Azerbaycan şairi ve tiyatro yazarı.

Müellif:

21 Mart 1906’da Azerbaycan’da Kazak kasabasının Yukarı Salahlı köyünde doğdu. Vekilovlar diye bilinen bir aileye mensup olup Vurgun lakabını sonradan almıştır. İlk öğreniminden sonra Kazak Tatar Öğretmen Okulu’nda okudu (1918-1924). Bu okulun müdürü ve Âzerî edebiyat tarihçisi Feridun Bey Köçerli’nin etkisinde kaldı. Mezun olunca bir süre Kazak, Kuba ve Gence’de öğretmenlik yaptı. Moskova Devlet Üniversitesi Edebiyat Fakültesi’nde (1929-1931) ve Azerbaycan Devlet Pedagoji Enstitüsü’nde (1931-1934) yüksek öğrenimini tamamladı. Azerbaycan Yazarlar Birliği’nin sekreteri (1934-1937), ardından başkanı (1941-1948) oldu. Azerbaycan’ın Dış Ülkelerle İlişkiler Kurumu’nun başkanlığı ve Azerbaycan Cumhuriyeti İlimler Akademisi’nin başkan yardımcılığı görevlerinde bulundu (1945-1956).
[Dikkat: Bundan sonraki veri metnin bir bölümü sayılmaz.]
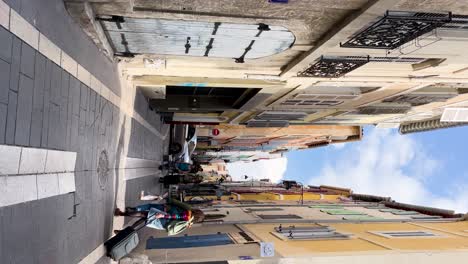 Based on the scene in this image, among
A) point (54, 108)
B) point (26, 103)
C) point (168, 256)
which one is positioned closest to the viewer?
point (26, 103)

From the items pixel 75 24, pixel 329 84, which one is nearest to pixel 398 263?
pixel 329 84

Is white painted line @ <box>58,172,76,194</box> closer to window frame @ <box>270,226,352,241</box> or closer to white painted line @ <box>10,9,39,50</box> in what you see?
white painted line @ <box>10,9,39,50</box>

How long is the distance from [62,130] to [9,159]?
1714 millimetres

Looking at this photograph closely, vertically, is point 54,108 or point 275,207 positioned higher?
point 54,108

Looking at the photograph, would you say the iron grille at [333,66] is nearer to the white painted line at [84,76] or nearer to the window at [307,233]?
the window at [307,233]

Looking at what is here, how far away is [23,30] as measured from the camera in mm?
5484

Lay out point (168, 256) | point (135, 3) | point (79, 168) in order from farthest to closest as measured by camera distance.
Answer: point (168, 256), point (79, 168), point (135, 3)

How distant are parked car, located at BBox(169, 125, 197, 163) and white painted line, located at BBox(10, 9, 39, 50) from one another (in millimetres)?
15468

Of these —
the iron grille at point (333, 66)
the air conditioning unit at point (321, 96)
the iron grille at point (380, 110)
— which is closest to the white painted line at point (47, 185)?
the iron grille at point (333, 66)

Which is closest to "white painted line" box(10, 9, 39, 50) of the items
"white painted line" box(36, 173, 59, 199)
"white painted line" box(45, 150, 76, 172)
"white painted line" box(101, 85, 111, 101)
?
"white painted line" box(45, 150, 76, 172)

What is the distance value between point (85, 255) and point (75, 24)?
415 cm

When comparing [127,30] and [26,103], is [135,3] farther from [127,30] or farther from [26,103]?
[26,103]

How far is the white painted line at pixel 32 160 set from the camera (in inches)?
217

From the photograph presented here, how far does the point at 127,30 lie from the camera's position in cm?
811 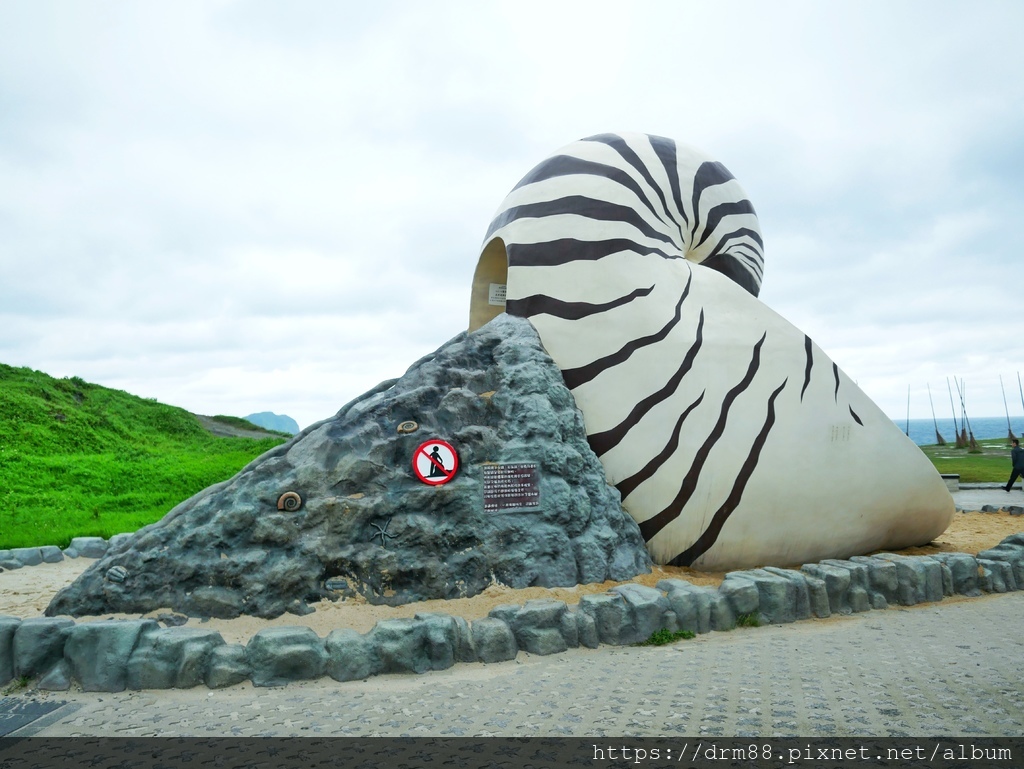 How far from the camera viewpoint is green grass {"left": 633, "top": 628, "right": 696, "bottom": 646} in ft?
16.3

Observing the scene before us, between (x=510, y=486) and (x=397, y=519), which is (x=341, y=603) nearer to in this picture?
(x=397, y=519)

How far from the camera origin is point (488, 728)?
3.41 m

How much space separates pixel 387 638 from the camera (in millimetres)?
4422

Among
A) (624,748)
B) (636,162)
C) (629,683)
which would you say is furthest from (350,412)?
(636,162)

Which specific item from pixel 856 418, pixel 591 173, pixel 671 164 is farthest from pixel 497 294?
pixel 856 418

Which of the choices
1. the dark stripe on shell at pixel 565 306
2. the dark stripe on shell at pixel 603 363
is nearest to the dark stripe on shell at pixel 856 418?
the dark stripe on shell at pixel 603 363

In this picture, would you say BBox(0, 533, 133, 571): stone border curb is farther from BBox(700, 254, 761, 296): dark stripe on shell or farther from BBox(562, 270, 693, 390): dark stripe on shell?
BBox(700, 254, 761, 296): dark stripe on shell

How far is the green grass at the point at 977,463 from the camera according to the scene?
1766cm

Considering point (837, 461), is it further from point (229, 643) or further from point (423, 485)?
point (229, 643)

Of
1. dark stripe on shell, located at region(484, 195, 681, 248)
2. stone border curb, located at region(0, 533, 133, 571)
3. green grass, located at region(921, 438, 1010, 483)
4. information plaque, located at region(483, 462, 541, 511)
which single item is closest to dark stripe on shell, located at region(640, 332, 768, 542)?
information plaque, located at region(483, 462, 541, 511)

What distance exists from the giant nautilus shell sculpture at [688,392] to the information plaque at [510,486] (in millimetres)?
980

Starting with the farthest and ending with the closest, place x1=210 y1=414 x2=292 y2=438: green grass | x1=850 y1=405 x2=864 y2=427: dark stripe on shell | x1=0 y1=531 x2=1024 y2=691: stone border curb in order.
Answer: x1=210 y1=414 x2=292 y2=438: green grass, x1=850 y1=405 x2=864 y2=427: dark stripe on shell, x1=0 y1=531 x2=1024 y2=691: stone border curb

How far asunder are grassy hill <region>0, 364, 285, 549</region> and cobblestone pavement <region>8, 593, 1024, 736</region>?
23.5 ft

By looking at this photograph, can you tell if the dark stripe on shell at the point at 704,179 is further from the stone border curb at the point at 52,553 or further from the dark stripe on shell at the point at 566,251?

Bakü Devlet Üniversitesi filoloji ilimleri fahrî doktoru ve Azerbaycan Cumhuriyeti devlet sanatçısı olan, Sovyet Sosyalist Cumhuriyetleri Birliği devlet ödülünü iki defa alan Samed (1941, 1942) genç yaşta Komünist Partisi Gençlik Kolu’na girerek köyleri dolaştı. 1936’da Sovyet Azerbaycanı’nın 15. kuruluş yıl dönümü münasebetiyle Kremlin’e giden heyette yer alarak Lenin ve ihtilâli hakkında yazdığı “Rehbere Selâm” adlı şiiriyle Lenin nişanı aldı. 1940’ta Komünist Partisi’ne üye oldu. Sovyetler Birliği ile Azerbaycan Parlamentosu’nda bir süre milletvekilliği yaptı. Sovyet Temsil Heyeti içinde Bulgaristan, Polonya, Almanya, Fransa, İngiltere ve Çin’e seyahatlerde bulundu. 27 Mayıs 1956’da akciğer kanserinden Bakü’de öldü ve bir devlet mezarlığı olan Bakü Fahrî Hıyâbânı’na defnedildi. Samed Vurgun’un adına sokak, kolhoz, mektep ve Yukarı Salahlı’da şiir evi bulunmaktadır. Bakü’de yaşadığı ev müze haline getirilmiştir. Ayrıca her yıl Samed Vurgun şiir günleri yapılmaktadır.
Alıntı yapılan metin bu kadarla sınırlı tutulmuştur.